Os grandes objetivos, aqueles mais palpáveis, da CPES, em termos internos, é conseguir um lugar na Concertação Social e chegar a fundos europeus que cada uma das famílias de per si não consegue e, para o exterior, uma dinâmica comunicacional mais eficaz e afirmativa?
No fundo, resume-se tudo num grande objetivo que é reforçar o reconhecimento público do setor, quer junto dos poderes públicos quer da sociedade. Isto é, fazer corresponder à consagração legal ao mais alto nível que tem em Portugal, o que não é comum nos diversos países europeus, o reconhecimento público. Só unindo numa entidade confederal única as principais famílias de toda a Economia Social será possível conduzir um trabalho que assegure esse reconhecimento.

Num tempo em que a União Europeia parece querer apostar na Economia Social, a CPES tem muito mais possibilidades de conseguir algo do que as diferentes famílias de per se?
Claro, como é evidente. Cada uma das famílias de per si exercer um papel de influência junto das instâncias que decidem as grandes linhas de política é muito diferente do que uma entidade onde todas elas estão presentes e que represente toda a força do setor.
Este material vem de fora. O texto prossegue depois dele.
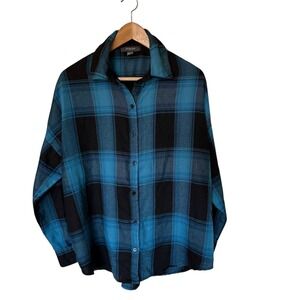 Primark Womens Blue Black Plaid Button Down Shirt Long Sleeve Size 8 US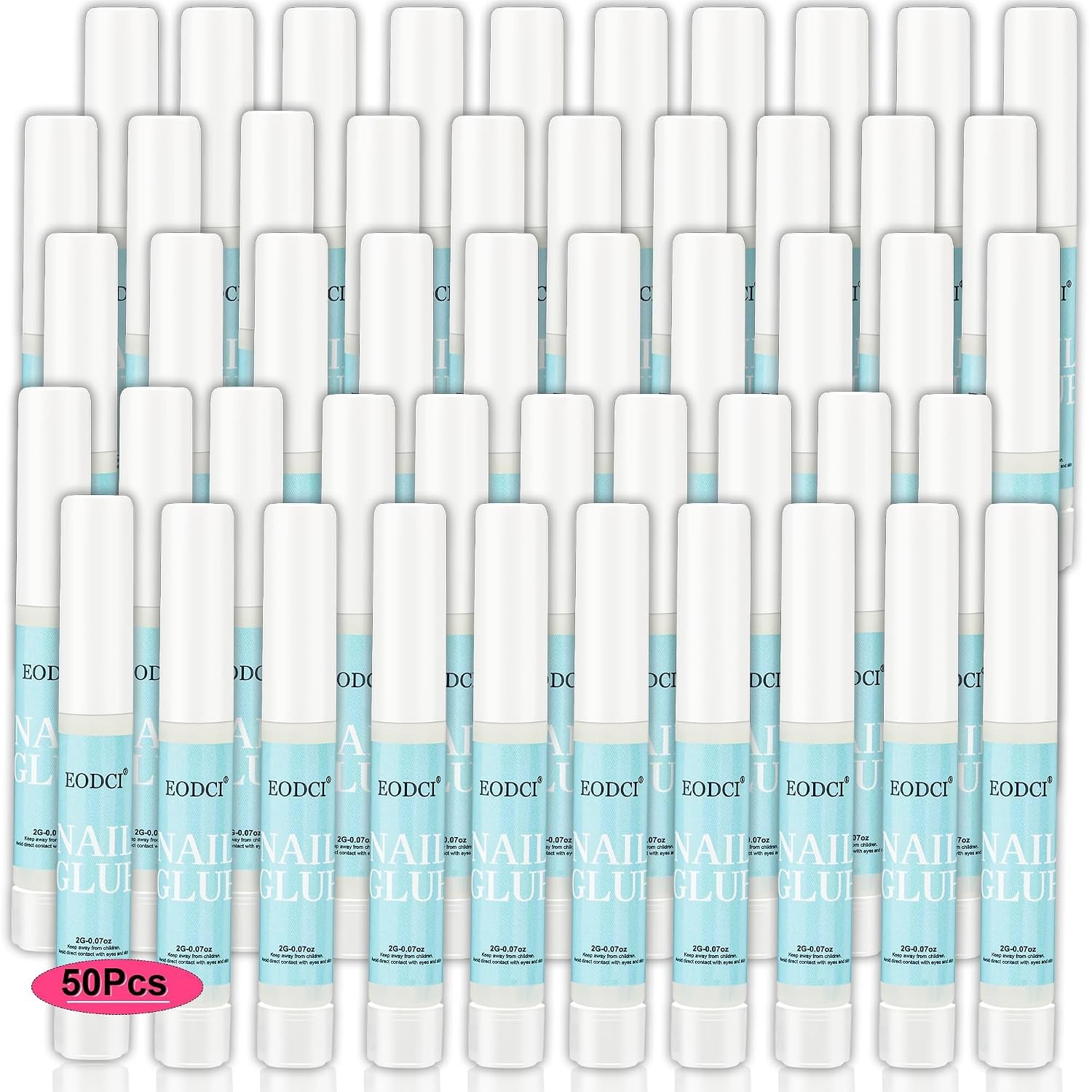 EODCI 50Pcs Super Strong Nail Glue for Acrylic & Press-On Nails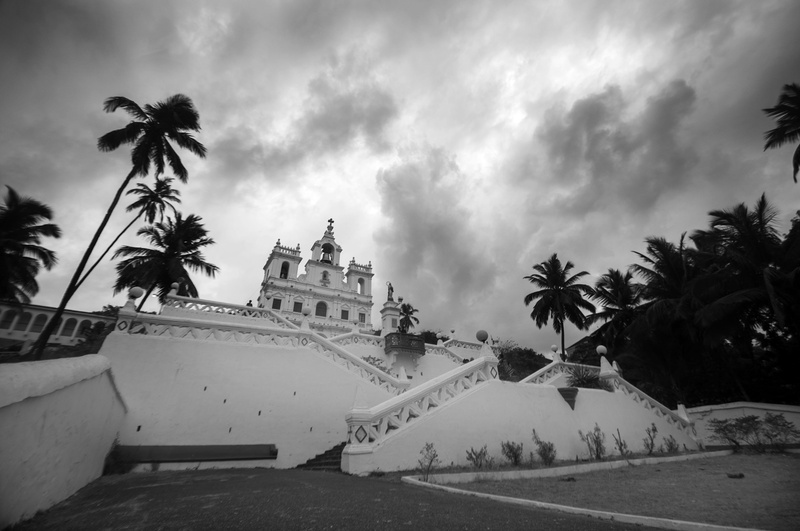 traditional, old, goa, church, holy, asia, sky, palm tree, building, portuguese, the past, building exterior, architecture, history, panjim, 4K, india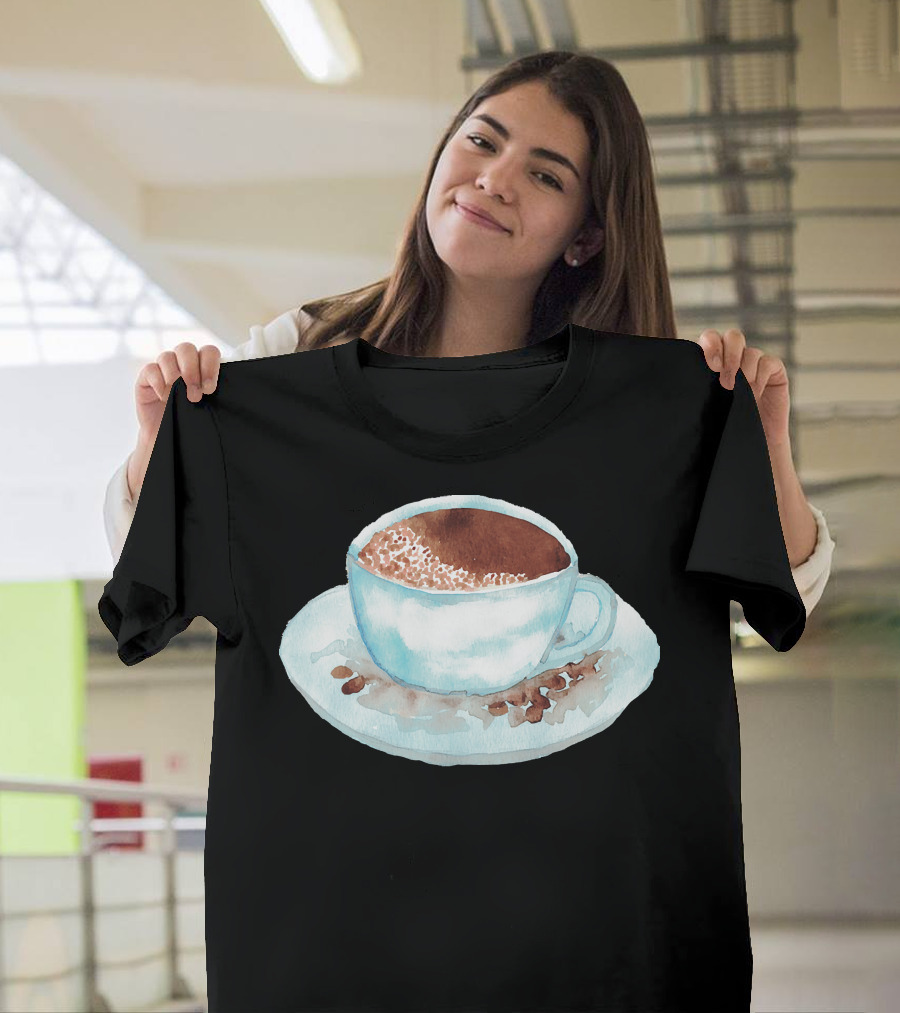 Coffee Latte Pastel Watercolor Cup Painting T-Shirt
São duas realidades completamente diferentes e, por isso, digo que este é o acontecimento mais importante da história da Economia Social em Portugal desde que, em 1976, a Constituição a consagrou com a designação de setor cooperativo e, mais tarde, cooperativo e social.

E um lugar na Concertação Social é um objetivo realista?
Todas as conquistas, geralmente, são consideradas impossíveis antes de serem alcançadas. Esta questão da Confederação há pouco tempo era considerada impossível, inviável, idealista pela grande maioria das pessoas, mesmo pelas que estão envolvidas na sua criação. É uma questão objetiva, no entanto é possível. Agora vão colocar-se outras questões. Vai colocar-se a questão de aceder à Concertação Social ao mais alto nível que hoje é considerada uma tarefa praticamente impossível, mas eu quero crer que é possível. Se os dirigentes da CPES trabalharem de uma forma adequada e correta no processo para alcançar esse objetivo e outros pode ser possível.

A CASES agora sai de cena, certo? Que papel terá neste novo contexto?
A CASES tem um conjunto de atribuições legais que o Estado lhe atribuiu que vai continuar a prosseguir. Tem atribuições no setor cooperativo, que vêm do INSCOOP, e que vai continuar a desenvolver. Agora tem também atribuições na área do voluntariado e na área estatística, como a elaboração das Contas Satélite da Economia Social, que vai continuar a fazer. E tem atribuições na criação de uma base de dados das entidades da Economia Social que vai ter que desenvolver. Ou seja, tem um conjunto de atribuições que o Estado delegou na CASES, que tem necessariamente que cumprir e tem ainda um conjunto de outras que são de interface com as entidades da Economia Social. Não há nada que seja contraditório entre o papel de uma Confederação, que resulta da vontade de entidades da sociedade civil, e o da CASES…

Mas em todo este processo a CASES teve um papel agregador e dinamizador, no entanto, agora vai afastar-se?
Obviamente, a CASES não pode integrar a Confederação, porque tem uma componente pública relevante. Embora congregue o Estado com as entidades da Economia Social, o que é também uma inovação do ponto de vista institucional, no entanto, a CASES prossegue finalidades públicas. Portanto, a CPES segue o seu caminho e a CASES apoiará no que estiver em coerência com os seus estatutos e no que for necessário.

No final deste ano de intenso trabalho o que destaca?
Sublinho que há objetivos considerados impossíveis que são possíveis e, por vezes, não é preciso muito tempo para que sejam concretizados. Destaco ainda o papel bastante importante dos dirigentes das entidades da Economia Social que estiveram presentes e muitos ativos em todo o processo, o papel do ministro Vieira da Silva, sempre de incentivo para que a CPES pudesse a vir a ser criada. Agora é preciso construi-la, outra batalha que vai começar agora e que não é fácil. É uma tarefa complexa e difícil, mas não tenho dúvida da existência de uma vontade sincera e autêntica por parte dos dirigentes das entidades para concretizar este projeto, que vai ter as suas dificuldades, contradições e problemas, como todo os projetos relevantes têm, mas no essencial existe uma reserva de vontade autêntica para que seja concretizado.